REQUIREMENT: In full and unchanged, output the entries that follow.

STORED DATA:
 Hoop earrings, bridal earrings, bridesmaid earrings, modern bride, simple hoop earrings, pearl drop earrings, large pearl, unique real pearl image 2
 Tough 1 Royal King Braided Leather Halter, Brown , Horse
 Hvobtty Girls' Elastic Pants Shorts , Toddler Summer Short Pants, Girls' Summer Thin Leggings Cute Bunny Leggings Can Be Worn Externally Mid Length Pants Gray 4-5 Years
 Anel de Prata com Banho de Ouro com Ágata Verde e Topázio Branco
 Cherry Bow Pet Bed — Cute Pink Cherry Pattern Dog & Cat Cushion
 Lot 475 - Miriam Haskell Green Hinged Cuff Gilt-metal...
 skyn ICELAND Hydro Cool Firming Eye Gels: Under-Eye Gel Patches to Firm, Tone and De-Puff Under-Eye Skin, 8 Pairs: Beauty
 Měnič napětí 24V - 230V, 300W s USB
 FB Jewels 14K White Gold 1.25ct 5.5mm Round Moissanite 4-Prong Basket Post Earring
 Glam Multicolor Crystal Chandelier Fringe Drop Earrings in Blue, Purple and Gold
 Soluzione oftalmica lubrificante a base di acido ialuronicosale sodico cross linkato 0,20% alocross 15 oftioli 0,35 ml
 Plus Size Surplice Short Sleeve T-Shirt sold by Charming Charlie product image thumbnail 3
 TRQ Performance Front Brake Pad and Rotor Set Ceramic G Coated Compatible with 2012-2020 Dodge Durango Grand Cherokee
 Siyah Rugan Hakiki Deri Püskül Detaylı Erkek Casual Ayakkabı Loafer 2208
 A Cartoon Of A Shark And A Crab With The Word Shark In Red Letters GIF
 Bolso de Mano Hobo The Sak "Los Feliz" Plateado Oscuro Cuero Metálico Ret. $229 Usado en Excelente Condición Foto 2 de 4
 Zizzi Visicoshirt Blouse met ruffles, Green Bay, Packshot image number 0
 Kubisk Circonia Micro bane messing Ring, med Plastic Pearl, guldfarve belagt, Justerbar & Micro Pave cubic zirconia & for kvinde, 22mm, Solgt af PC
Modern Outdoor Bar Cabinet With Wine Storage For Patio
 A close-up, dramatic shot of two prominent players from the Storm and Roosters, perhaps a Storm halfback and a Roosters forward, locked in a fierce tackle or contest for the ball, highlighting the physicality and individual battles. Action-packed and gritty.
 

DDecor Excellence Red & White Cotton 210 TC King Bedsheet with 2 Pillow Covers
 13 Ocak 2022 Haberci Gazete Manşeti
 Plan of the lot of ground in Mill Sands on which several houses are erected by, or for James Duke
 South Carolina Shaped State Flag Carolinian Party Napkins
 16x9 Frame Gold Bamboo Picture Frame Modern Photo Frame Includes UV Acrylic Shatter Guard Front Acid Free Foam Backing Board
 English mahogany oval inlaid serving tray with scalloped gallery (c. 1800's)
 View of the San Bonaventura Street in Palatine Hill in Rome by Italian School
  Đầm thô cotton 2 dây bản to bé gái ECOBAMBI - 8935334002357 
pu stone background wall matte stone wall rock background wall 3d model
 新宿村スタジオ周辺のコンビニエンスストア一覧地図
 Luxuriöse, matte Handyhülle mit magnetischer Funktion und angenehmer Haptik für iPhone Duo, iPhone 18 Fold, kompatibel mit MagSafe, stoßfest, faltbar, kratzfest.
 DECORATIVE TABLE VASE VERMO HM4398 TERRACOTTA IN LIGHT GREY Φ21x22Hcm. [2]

ANSWER TO THIS PROBLEM:
 Hoop earrings, bridal earrings, bridesmaid earrings, modern bride, simple hoop earrings, pearl drop earrings, large pearl, unique real pearl image 2
 Tough 1 Royal King Braided Leather Halter, Brown , Horse
 Hvobtty Girls' Elastic Pants Shorts , Toddler Summer Short Pants, Girls' Summer Thin Leggings Cute Bunny Leggings Can Be Worn Externally Mid Length Pants Gray 4-5 Years
 Anel de Prata com Banho de Ouro com Ágata Verde e Topázio Branco
 Cherry Bow Pet Bed — Cute Pink Cherry Pattern Dog & Cat Cushion
 Lot 475 - Miriam Haskell Green Hinged Cuff Gilt-metal...
 skyn ICELAND Hydro Cool Firming Eye Gels: Under-Eye Gel Patches to Firm, Tone and De-Puff Under-Eye Skin, 8 Pairs: Beauty
 Měnič napětí 24V - 230V, 300W s USB
 FB Jewels 14K White Gold 1.25ct 5.5mm Round Moissanite 4-Prong Basket Post Earring
 Glam Multicolor Crystal Chandelier Fringe Drop Earrings in Blue, Purple and Gold
 Soluzione oftalmica lubrificante a base di acido ialuronicosale sodico cross linkato 0,20% alocross 15 oftioli 0,35 ml
 Plus Size Surplice Short Sleeve T-Shirt sold by Charming Charlie product image thumbnail 3
 TRQ Performance Front Brake Pad and Rotor Set Ceramic G Coated Compatible with 2012-2020 Dodge Durango Grand Cherokee
 Siyah Rugan Hakiki Deri Püskül Detaylı Erkek Casual Ayakkabı Loafer 2208
 A Cartoon Of A Shark And A Crab With The Word Shark In Red Letters GIF
 Bolso de Mano Hobo The Sak "Los Feliz" Plateado Oscuro Cuero Metálico Ret. $229 Usado en Excelente Condición Foto 2 de 4
 Zizzi Visicoshirt Blouse met ruffles, Green Bay, Packshot image number 0
 Kubisk Circonia Micro bane messing Ring, med Plastic Pearl, guldfarve belagt, Justerbar & Micro Pave cubic zirconia & for kvinde, 22mm, Solgt af PC
Modern Outdoor Bar Cabinet With Wine Storage For Patio
 A close-up, dramatic shot of two prominent players from the Storm and Roosters, perhaps a Storm halfback and a Roosters forward, locked in a fierce tackle or contest for the ball, highlighting the physicality and individual battles. Action-packed and gritty.
 

DDecor Excellence Red & White Cotton 210 TC King Bedsheet with 2 Pillow Covers
 13 Ocak 2022 Haberci Gazete Manşeti
 Plan of the lot of ground in Mill Sands on which several houses are erected by, or for James Duke
 South Carolina Shaped State Flag Carolinian Party Napkins
 16x9 Frame Gold Bamboo Picture Frame Modern Photo Frame Includes UV Acrylic Shatter Guard Front Acid Free Foam Backing Board
 English mahogany oval inlaid serving tray with scalloped gallery (c. 1800's)
 View of the San Bonaventura Street in Palatine Hill in Rome by Italian School
  Đầm thô cotton 2 dây bản to bé gái ECOBAMBI - 8935334002357 
pu stone background wall matte stone wall rock background wall 3d model
 新宿村スタジオ周辺のコンビニエンスストア一覧地図
 Luxuriöse, matte Handyhülle mit magnetischer Funktion und angenehmer Haptik für iPhone Duo, iPhone 18 Fold, kompatibel mit MagSafe, stoßfest, faltbar, kratzfest.
 DECORATIVE TABLE VASE VERMO HM4398 TERRACOTTA IN LIGHT GREY Φ21x22Hcm. [2]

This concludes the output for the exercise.